■ **Aim of the task**
In the material below, the lines between the one holding "Conjunto de joyería" and the one holding "Designer 925 Sterling", inclusive, are to be set down word for word. Pictures stay out.
═════ Record excerpts
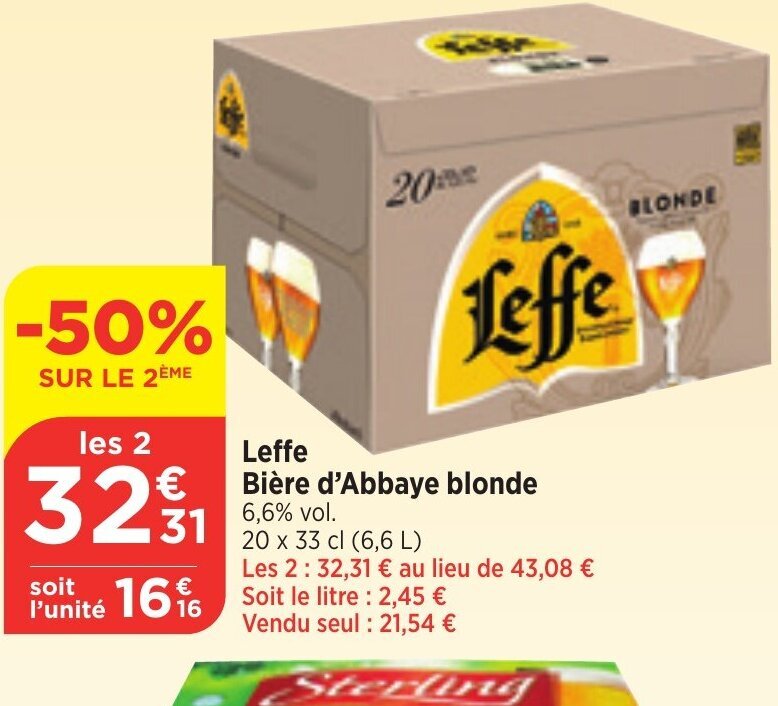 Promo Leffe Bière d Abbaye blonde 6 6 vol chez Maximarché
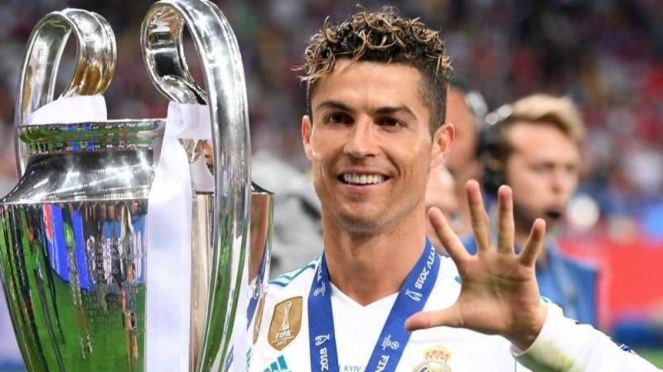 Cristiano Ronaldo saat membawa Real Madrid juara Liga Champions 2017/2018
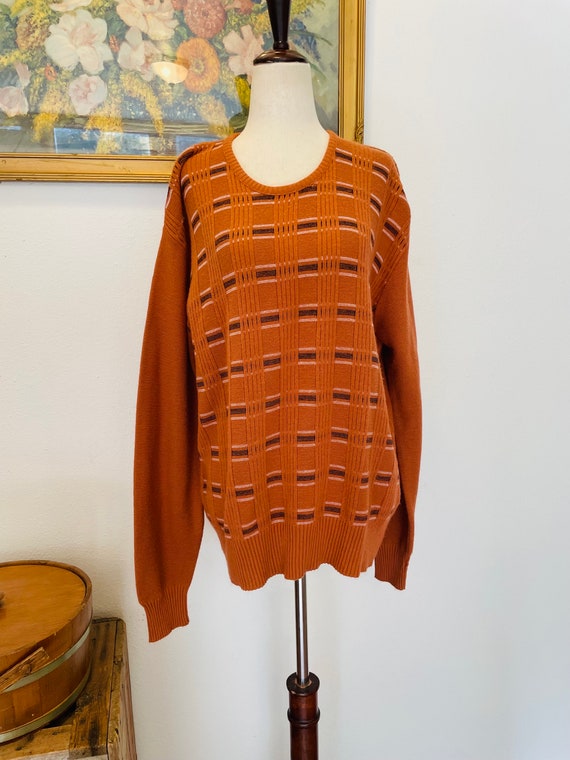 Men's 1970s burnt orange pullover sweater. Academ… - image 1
══════════
═════ Record excerpts
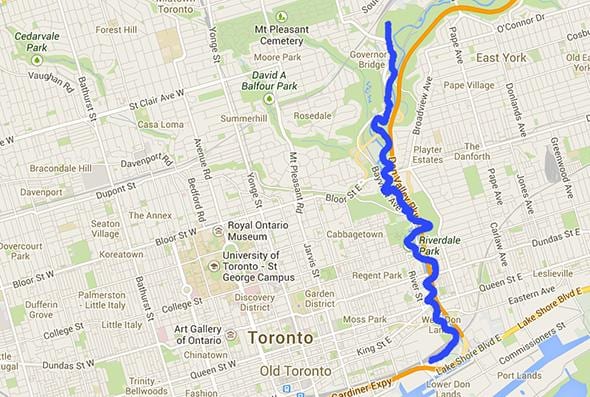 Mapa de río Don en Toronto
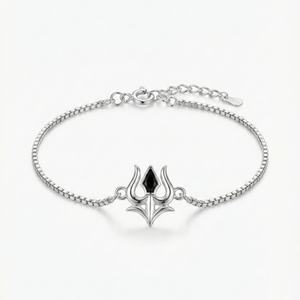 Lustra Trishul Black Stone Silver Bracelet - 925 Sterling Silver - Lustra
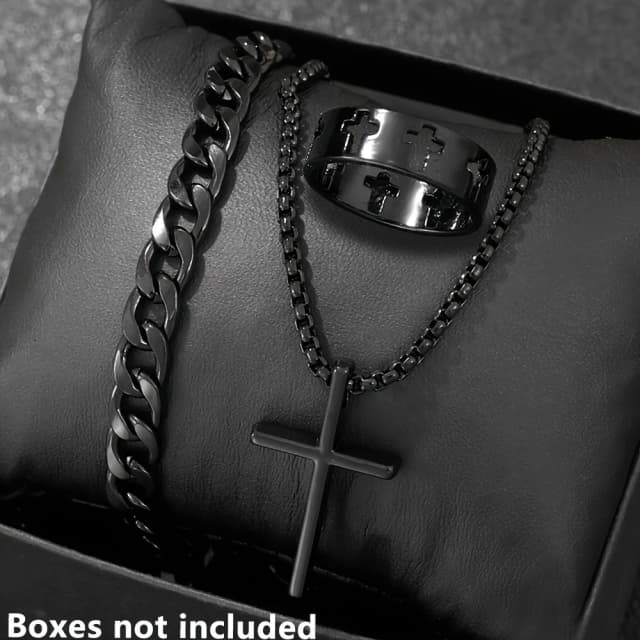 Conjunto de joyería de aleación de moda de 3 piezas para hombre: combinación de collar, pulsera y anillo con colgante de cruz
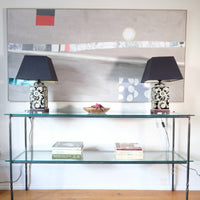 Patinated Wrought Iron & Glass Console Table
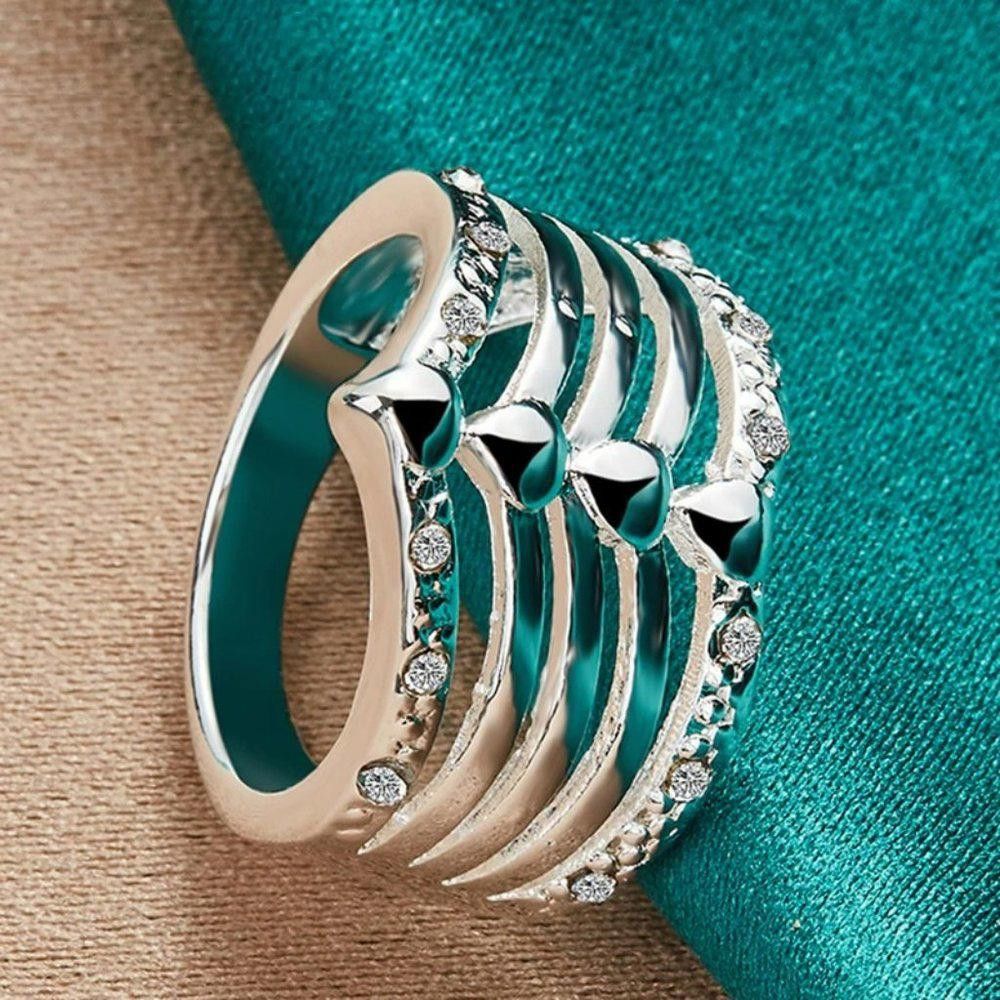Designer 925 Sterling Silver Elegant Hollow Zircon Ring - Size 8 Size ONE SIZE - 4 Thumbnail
══════════
■ **Written response**
 Conjunto de joyería de aleación de moda de 3 piezas para hombre: combinación de collar, pulsera y anillo con colgante de cruz
 Patinated Wrought Iron & Glass Console Table
Designer 925 Sterling Silver Elegant Hollow Zircon Ring - Size 8 Size ONE SIZE - 4 Thumbnail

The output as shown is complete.